Second, they argue that none of the planets in the solar system actually satisfy the “neighborhood clearing” criteria since every planet, including Earth, has many objects like trojans, quasi-satellites and mini-moons that are popping in and out of planetary orbits all the time.

And the last argument is that the current definition of a planet does not ever define the neighborhood or zone that a planet’s gravity is expected to clear, meaning the dividing line between planets and non-planetary objects is arbitrary.

For Stern and his colleagues, there is also a public-relations element to the redefinition. Between the time the New Horizons probe launched in January 2006 and the time it reached Pluto in July 2015, the sphere went from being a planet to a dwarf planet. “In the decade following the supposed 'demotion' of Pluto by the International Astronomical Union (IAU), many members of the public, in our experience, assume that alleged 'non-planets' cease to be interesting enough to warrant scientific exploration, though the IAU did not intend this consequence,” the team writes in their paper. “To wit: a common question we receive is, 'Why did you send New Horizons to Pluto if it’s not a planet anymore.'”

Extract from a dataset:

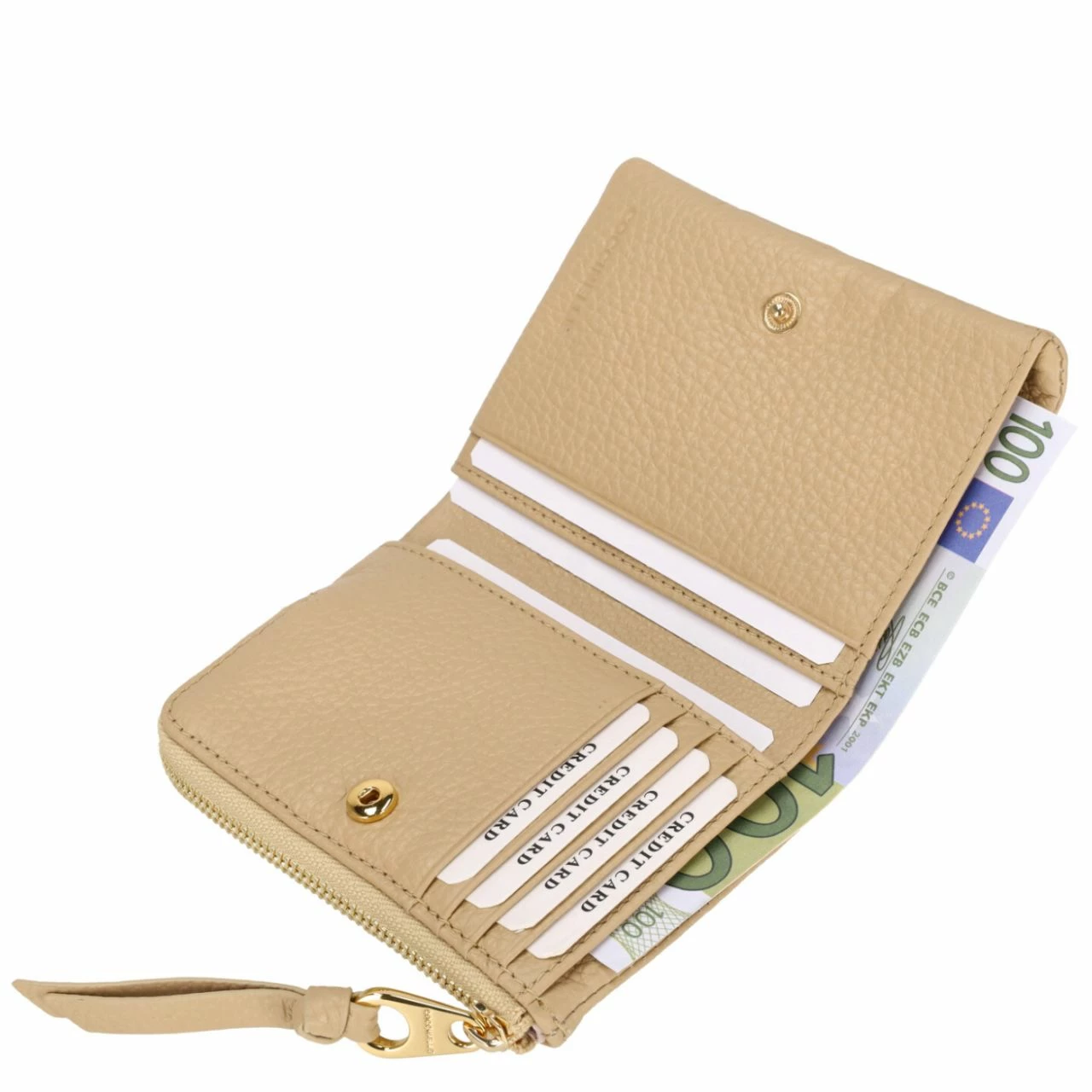 Coccinelle Hochkantbörse Damen Softy Small Wallet Grain. Lea. Fresh Beige 5 Coccinelle Hochkantbörse Damen Softy Small Wallet Grain. Lea. Fresh Beige – Bild 3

Calling something "planet," they argue, gives it a little extra status when it comes to exploration.

There is no word on whether the IAU has any plans to reassess its definition of a planet, but there seems to be scientific and public interest in hashing out the issue. In 2014, a debate at the Harvard-Smithsonian Center for Astrophysics about Pluto stirred up the controversy once more, with the audience of academics and astrogeeks voting that Pluto is a planet based on their preferred definition that “A planet is the smallest spherical lump of matter that formed around stars or stellar remnants.”

There hasn't been much debate on whether the moon should get an upgrade as well. Stephen Pumfrey, a historian at Lancaster University, writes at The Conversation that Greek and medieval astronomers considered the moon a planet. It wasn’t until Copernicus pointed out that the moon orbits the Earth and not the sun that it became simply a satellite. Reclassifying the moon as a planet, he writes, would take astronomy full circle.

If the definition does change and Pluto resumes its spot in the celestial lineup, it may have to find a different nickname other than the Ninth Planet. Astronomers are hopeful they will soon discover another planet orbiting the Sun beyond Pluto tentatively called Planet 9.